### What the task requires
Report each line of the material below where the word "Photo" can be found.

### Source material
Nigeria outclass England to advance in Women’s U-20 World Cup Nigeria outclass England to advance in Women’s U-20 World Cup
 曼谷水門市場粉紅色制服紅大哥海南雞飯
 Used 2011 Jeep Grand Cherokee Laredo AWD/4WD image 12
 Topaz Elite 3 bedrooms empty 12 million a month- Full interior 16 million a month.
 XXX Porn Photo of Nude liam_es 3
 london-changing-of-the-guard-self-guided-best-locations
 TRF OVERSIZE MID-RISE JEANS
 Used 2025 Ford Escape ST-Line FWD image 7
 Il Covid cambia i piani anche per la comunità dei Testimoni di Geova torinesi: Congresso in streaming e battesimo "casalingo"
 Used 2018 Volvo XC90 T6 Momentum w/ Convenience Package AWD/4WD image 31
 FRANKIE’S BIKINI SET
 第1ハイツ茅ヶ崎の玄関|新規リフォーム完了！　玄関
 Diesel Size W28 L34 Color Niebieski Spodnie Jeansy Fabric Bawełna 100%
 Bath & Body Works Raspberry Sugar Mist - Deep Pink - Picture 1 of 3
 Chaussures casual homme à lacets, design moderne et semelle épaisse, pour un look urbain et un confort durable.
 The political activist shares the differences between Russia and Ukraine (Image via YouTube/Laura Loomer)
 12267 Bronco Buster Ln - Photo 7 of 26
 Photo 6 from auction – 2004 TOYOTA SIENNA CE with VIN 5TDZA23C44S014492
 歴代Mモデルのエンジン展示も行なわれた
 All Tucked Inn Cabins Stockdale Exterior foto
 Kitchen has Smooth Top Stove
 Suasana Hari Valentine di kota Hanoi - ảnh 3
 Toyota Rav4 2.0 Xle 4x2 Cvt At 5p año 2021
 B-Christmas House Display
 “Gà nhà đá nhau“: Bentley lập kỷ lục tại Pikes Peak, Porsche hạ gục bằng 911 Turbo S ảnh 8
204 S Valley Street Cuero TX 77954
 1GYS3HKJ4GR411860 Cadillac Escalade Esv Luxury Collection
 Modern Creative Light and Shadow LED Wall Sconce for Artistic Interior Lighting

### Response to the exercise
 XXX Porn Photo of Nude liam_es 3
 12267 Bronco Buster Ln - Photo 7 of 26
 Photo 6 from auction – 2004 TOYOTA SIENNA CE with VIN 5TDZA23C44S014492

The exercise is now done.